Material shown |
=== Begin Enclosure ===
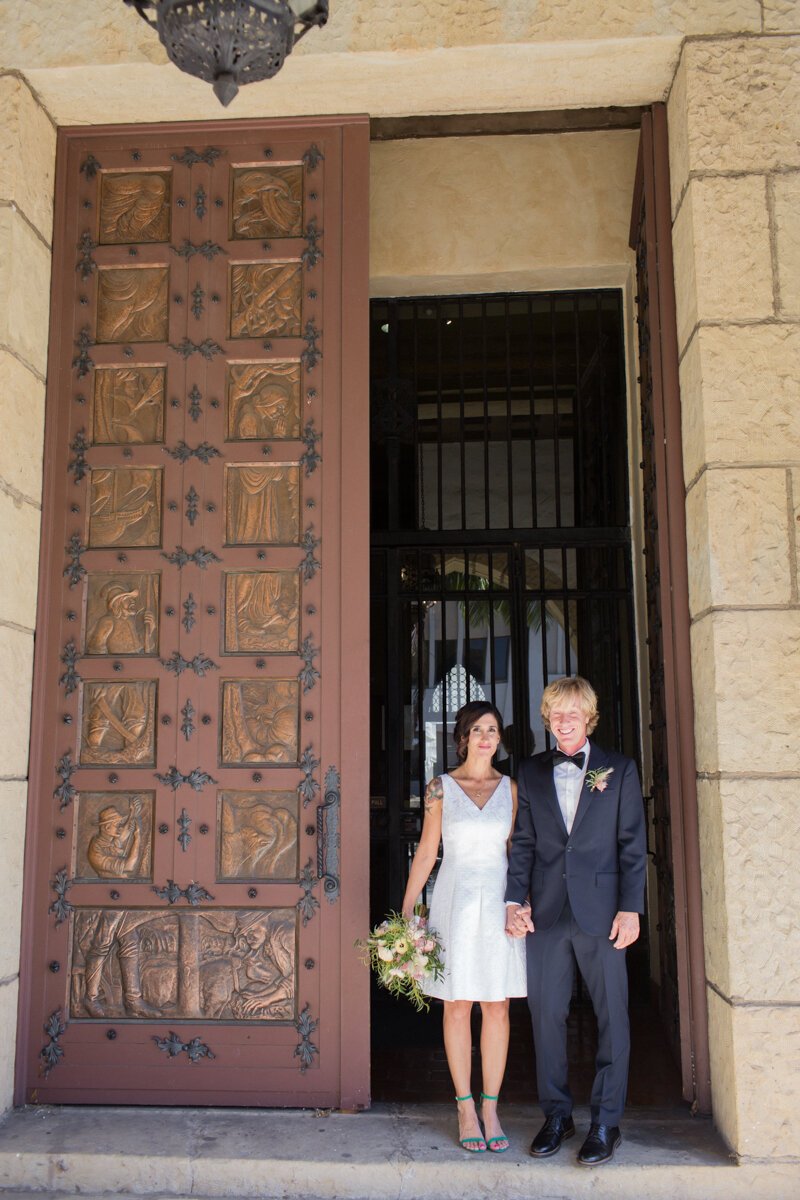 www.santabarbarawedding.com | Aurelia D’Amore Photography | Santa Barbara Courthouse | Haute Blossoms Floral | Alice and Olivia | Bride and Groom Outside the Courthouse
=== End Enclosure ===
=== Begin Enclosure ===
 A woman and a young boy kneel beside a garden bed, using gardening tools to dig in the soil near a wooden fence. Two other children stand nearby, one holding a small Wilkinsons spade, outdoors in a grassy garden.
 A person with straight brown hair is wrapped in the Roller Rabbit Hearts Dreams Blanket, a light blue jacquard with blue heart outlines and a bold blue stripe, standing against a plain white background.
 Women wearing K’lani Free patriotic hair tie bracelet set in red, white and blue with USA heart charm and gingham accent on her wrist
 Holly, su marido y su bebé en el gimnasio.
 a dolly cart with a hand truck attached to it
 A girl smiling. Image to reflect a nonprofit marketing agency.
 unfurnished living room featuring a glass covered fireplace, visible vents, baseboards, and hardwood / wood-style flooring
=== End Enclosure ===
What you should do | Identify the lines in the records above that contain the word "with", then state how many there are and nothing more.

Answer below | 3